Throughout the Ummah, or worldwide Muslim community, fertility levels are falling dramatically for countries and subnational populations — and traditional marriage patterns and living arrangements are undergoing tremendous change. While these trends have not gone entirely unnoticed, no more than a handful of pioneering scholars and observers have as yet drawn attention to them and their potential significance.1 In this essay we will detail the dimensions of these changes in fertility patterns within the Muslim world, examine some of their correlates and possible determinants, and speculate about some of their implications.

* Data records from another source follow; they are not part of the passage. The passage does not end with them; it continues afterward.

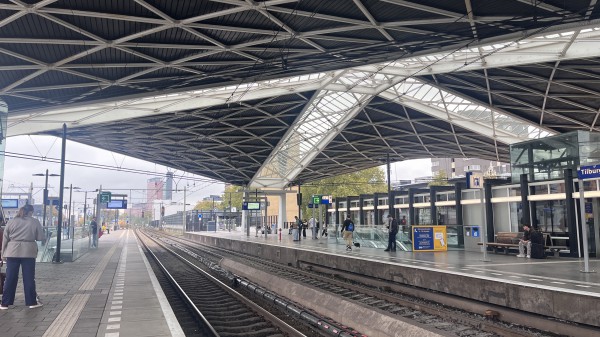 Khi thành phố có nhiều không gian trống Khi thành phố có nhiều không gian trống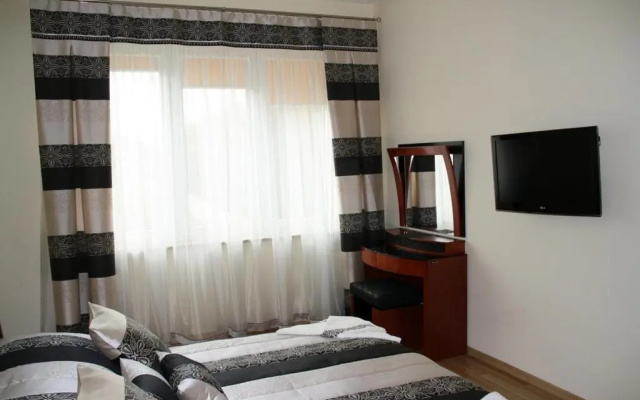 Hotel For You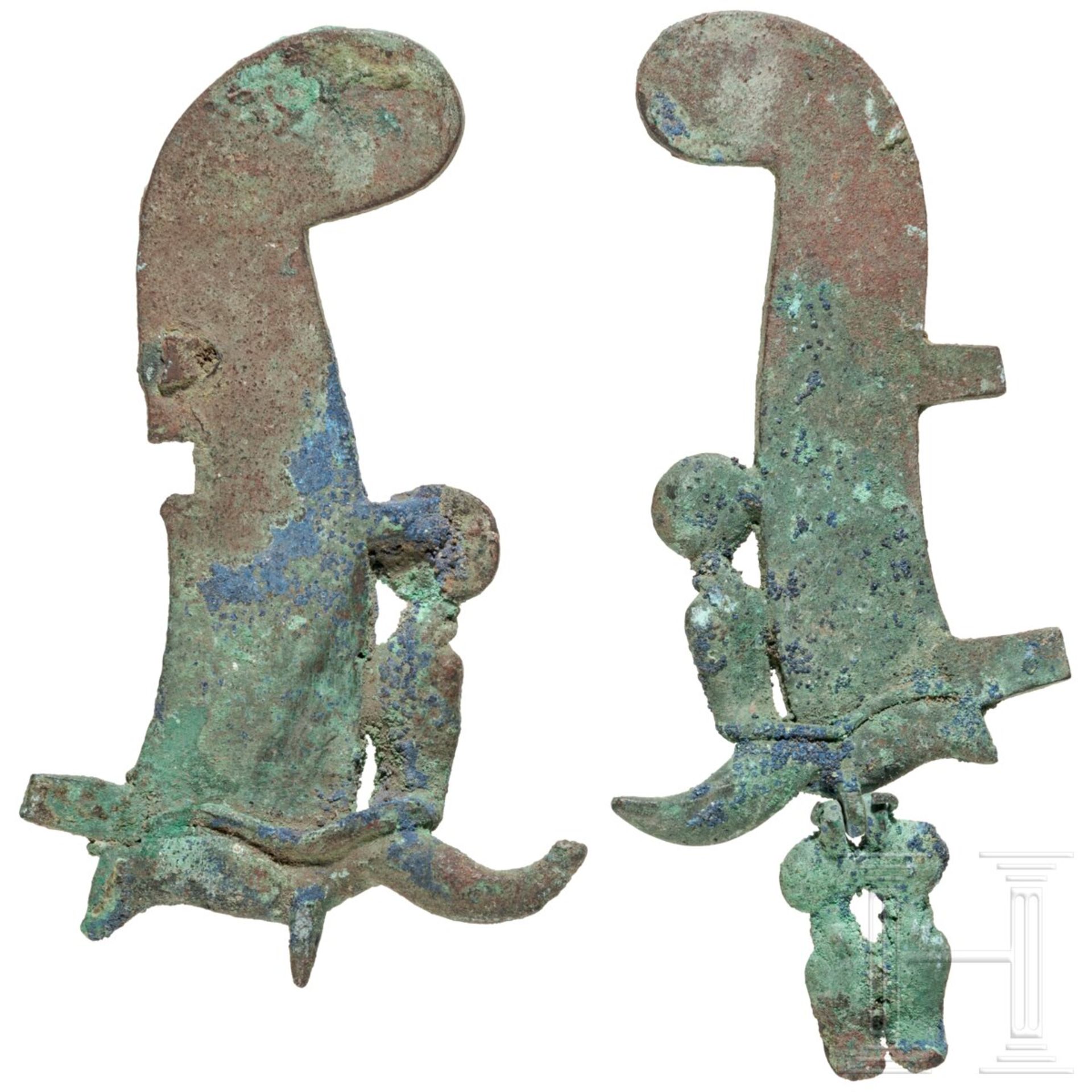 Zwei Hälften von Federkronen mit Uräusschlangen, Bronze, Ägypten, 2. - 1. Jtsd. v. Chr.  - Bild 2 aus 4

THE GLOBAL MUSLIM POPULATION
There is some inescapable imprecision to any estimates of the size and distribution of the Ummah — an uncertainty that turns in part on questions about the current size of some Muslim majority areas (e.g., Afghanistan, where as one U.S. official country study puts it, “no comprehensive census based upon systematically sound methods has ever been taken”), and in part on the intrinsic difficulty of determining the depth of a nominal believer’s religious faith, but more centrally on the crucial fact that many government statistical authorities do not collect information on the religious profession of their national populations. For example: While the United States maintains one of the world’s most extensive and developed national statistical systems, the American government expressly forbids the U.S. Census Bureau from surveying the American public about religious affiliation; the same is true in much of the eu, in the Russian Federation, and in other parts of the “more developed regions” with otherwise advanced data-gathering capabilities.
Nevertheless, on the basis of local population census returns that do cover religion, demographic and health survey (dhs) reports where religious preference is included, and other allied data-sources, it is possible to piece together a reasonably accurate impression of the current size and distribution of the world’s Muslim population.